On 24 August 2017 the Commission opened a statutory inquiry into the charity under section 46 of the Act.

The inquiry closed with the publication of this report.

Scope of the Statutory Inquiry

The inquiry examined the following regulatory issues:

  • whether the trustees exercised sufficient oversight and control of the charity’s assets and whether there was an ongoing risk to charitable assets
  • whether the trustees had sufficient oversight of the charity’s former CEO
  • whether the trustees were capable of discharging their legal duties and responsibilities in relation to the financial and general governance of the charity
  • whether there had been any misappropriation of the charity’s assets and if so whether it was in the interest of the charity to pursue restitution

Findings

Governance

The inquiry found that according to the Commission and Companies House records, at the time of the opening of the inquiry, there were only two trustees’, and this had been the situation since September 2016. According to clause 26.7 of the charity’s governing document, the minimum number of trustees required to form a quorum was three. Therefore, as a result of the trustees’ governance failings’ quorate decisions could not be made at the time.

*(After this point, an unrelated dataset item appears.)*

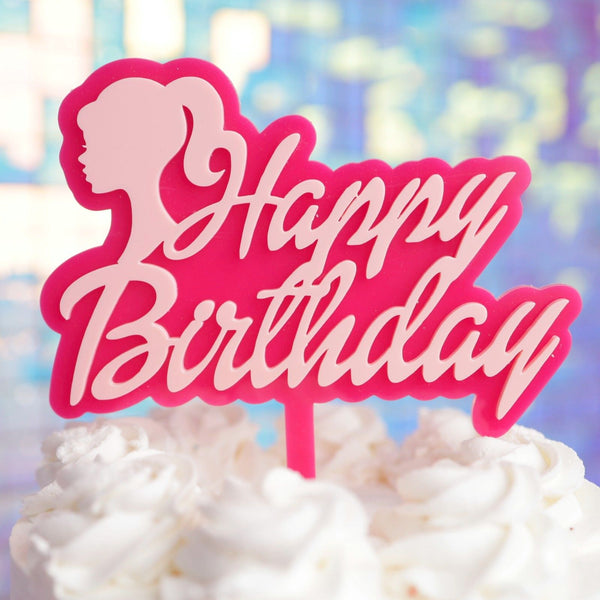 Dollhouse Happy Birthday  Cake Topper Pink - SWEET STAMP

The inquiry found that at the time of the opening of the inquiry, records were insufficient and did not show and explain all the charity’s transactions. They also contained little evidence of the details of income or expenditure. The inquiry found the trustees were not meeting their legal obligation under charity law to maintain adequate records.

With regards to the original allegations raised by the trustees in the RSI, the inquiry noted that these had been investigated by the Police on two separate occasions and found to be unsubstantiated due to a lack of evidence available, therefore no further action was taken. The inquiry found that if adequate records had been kept and financial control policies were in place the trustees may have been better able to demonstrate whether the charity had suffered a loss.

Following the opening of the inquiry the charity appointed three new trustees and the inquiry is satisfied that due consideration has been given to the suitability of the trustees. The inquiry found the CEO is no longer involved in the administration of the charity.

The inquiry has concluded that, although the governance and management of the charity was not fit for purpose at the time of the opening of the inquiry, the current trustees have demonstrated they have acted upon the Commission’s regulatory advice and guidance to improve and strengthen the charity’s policies and governance.

Financial controls

The inquiry found that the trustees had failed to ensure that the charity’s bank account was under their control and this raised serious regulatory concerns that they had not had sufficient control of the finances of the charity. The Commission obtained information from the charity’s bank which showed that the CEO had opened the account, and that they remained as sole signatory of the account until 18 May 2016 when they were removed and replaced by a trustee. This bank account has since been closed and replaced by an account with a different bank, and two trustees as signatories.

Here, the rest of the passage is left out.